Red Hat Bugzilla – Bug 280151
forcedeth driver causes kernel panic in nv_tx_done call
Last modified: 2014-06-29 18:59:13 EDT
Description of problem:
I'm trying out RHEL beta on my "home server" (router/proxy/mail/NAS), which was
basically desktop PC based on Asus K8N4-E Deluxe MB, based on NForce 4-4x. I'm
using internal gigabit ethernet interface (forcedeth driver) for high-speed
internal communications (server delivers nfs through it). The problem is, server
hangs under network load.
Version-Release number of selected component (if applicable):
I also tried kernel-2.6.18-36.el5.jwltest.41.x86_64 with same results
Steps to Reproduce:
1. Start experimenting with iperf. Eventually the bug will appear. So-called
"bidirectional" transfer tests together with MTU tweaking between tests seem to
trigger it fastest. Though, even if the router is left by itself, eventually
regular (http, mail, torrent) traffic can trigger this.

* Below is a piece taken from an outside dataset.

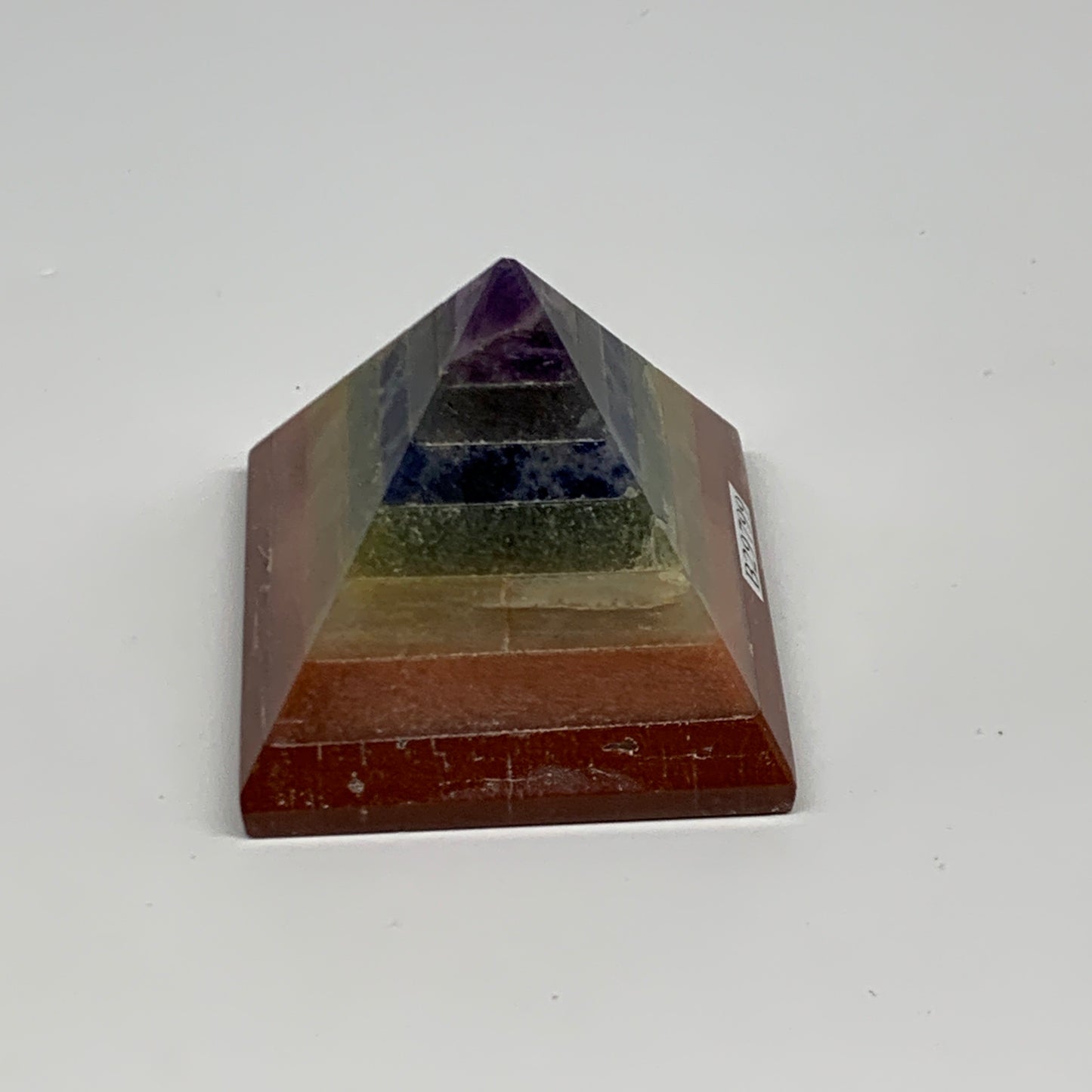 157.5g, 2"x2.1", 7 Chakra Pyramid Bonded Gemstone,Healing Crystal, B29799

Kernel panic, system hangs. It is instant and and leaves no traces in
The system seems to have some problems with acpi - linux can't find any devices
on USB bus and SATA harddrives, though it detects USB controller and both SATA
controllers (from nvidia and silicon image) just fine.
Therefore, I'm using following kernel options: acpi=off nolapic. APIC is turned
off in BIOS, when it's turned on, but acpi=off parameter is passed, something
really messy happens. nolapic parameter doesn't really change anything, these
network problems happen whether it's used or not.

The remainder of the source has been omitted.